MATERIAL SUPPLIED Block Start

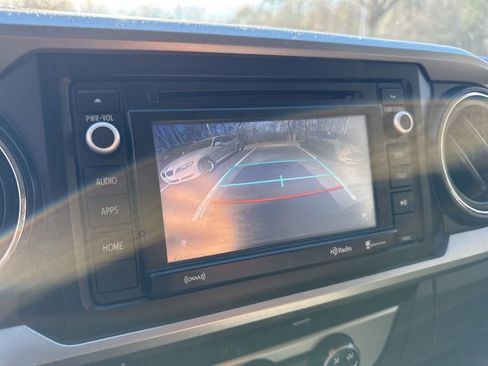 Used 2016 Toyota Tacoma SR5 image 5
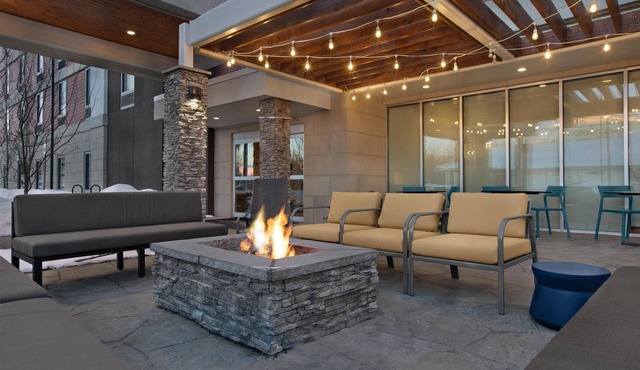 Home2 Suites by Hilton Anchorage/Midtown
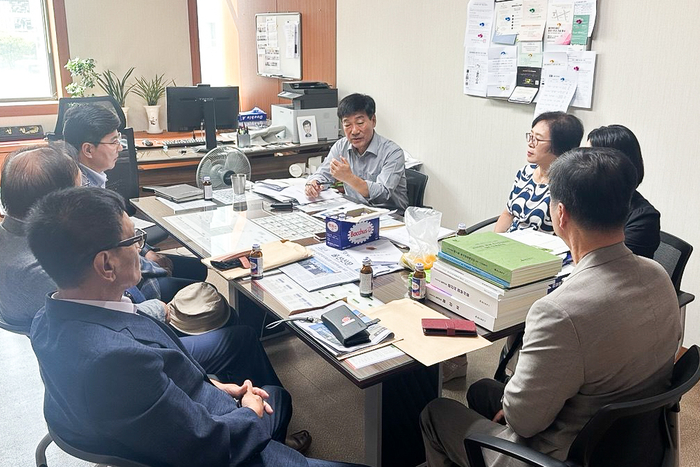 울산광역시의회 조성철 의원은 15일 오전 시의회  의원연구실에서 충숙공이예선생기념사업회 관계자들을 만나 이예 선생의 선양사업 활성화와 제도적 지원방안에 대한 의견을 청취했다.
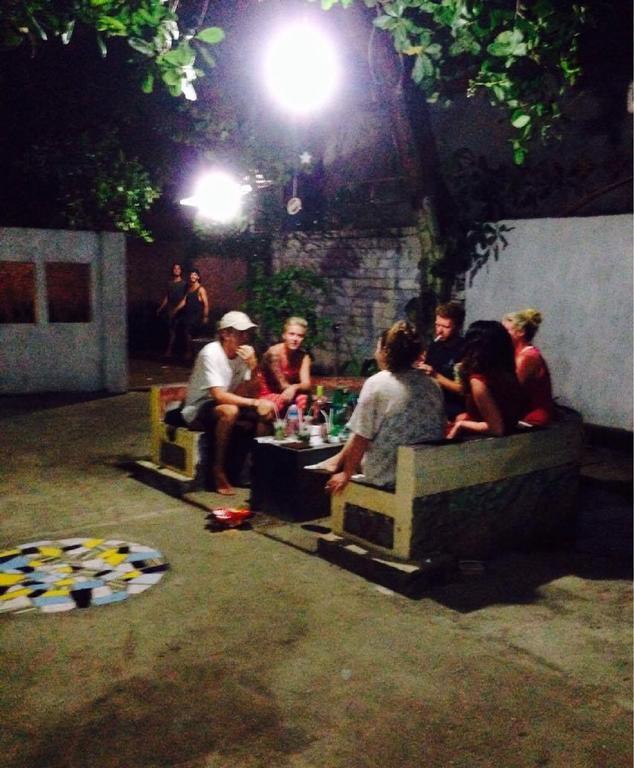 Good For Ya Knee Hostel & Bungalows (Adults Only) Quần đảo Gili Ngoại thất bức ảnh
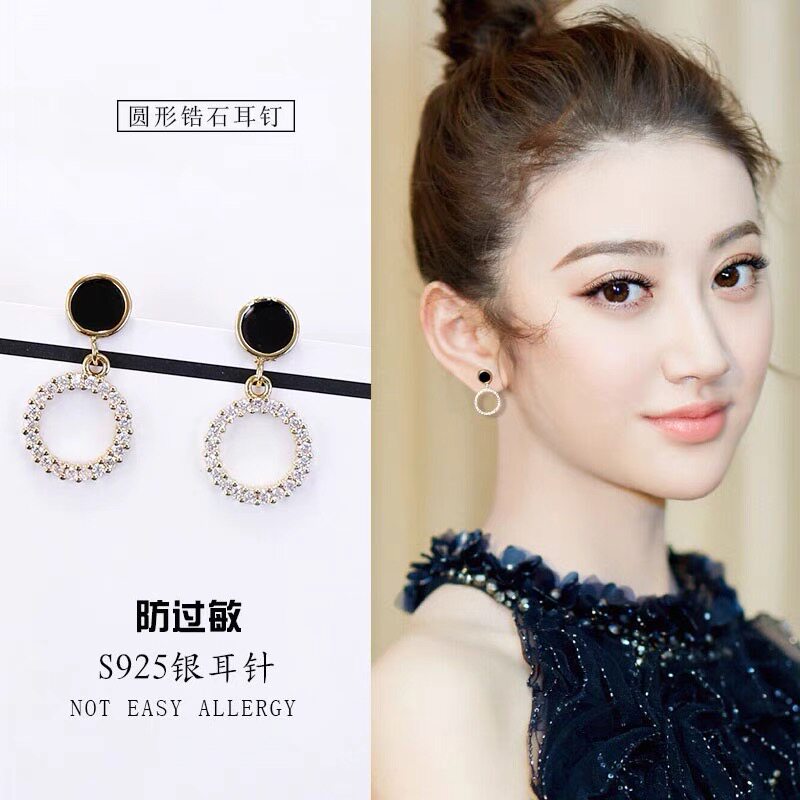 2021 Summer new advanced senses light and luxurious earrings minimalist Delicate Ear Pendant goddess Van Ear Ear Accessories Tide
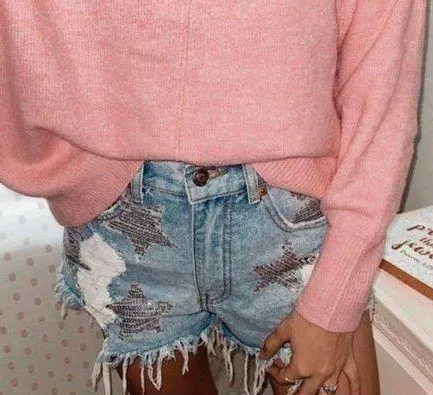 Brandy Melville Star Denim Shorts - Image 6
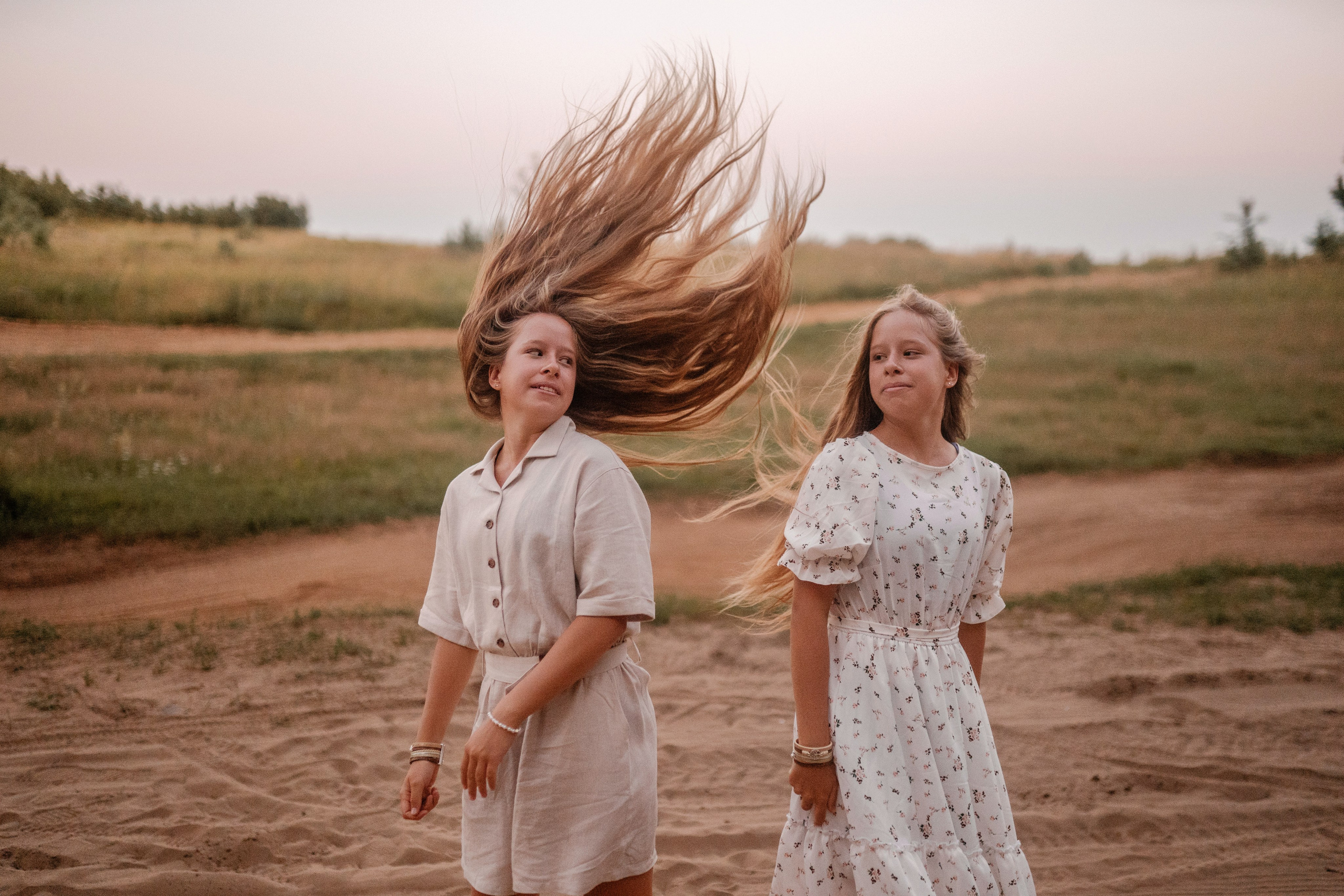 Фотосессия большой семьи в поле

MATERIAL SUPPLIED Block End

EXERCISE: Return only the lines from the one containing "2021 Summer new" through the last line of the entries above, exactly as written and without pictures.

YOUR RESPONSE:
 2021 Summer new advanced senses light and luxurious earrings minimalist Delicate Ear Pendant goddess Van Ear Ear Accessories Tide
 Brandy Melville Star Denim Shorts - Image 6
 Фотосессия большой семьи в поле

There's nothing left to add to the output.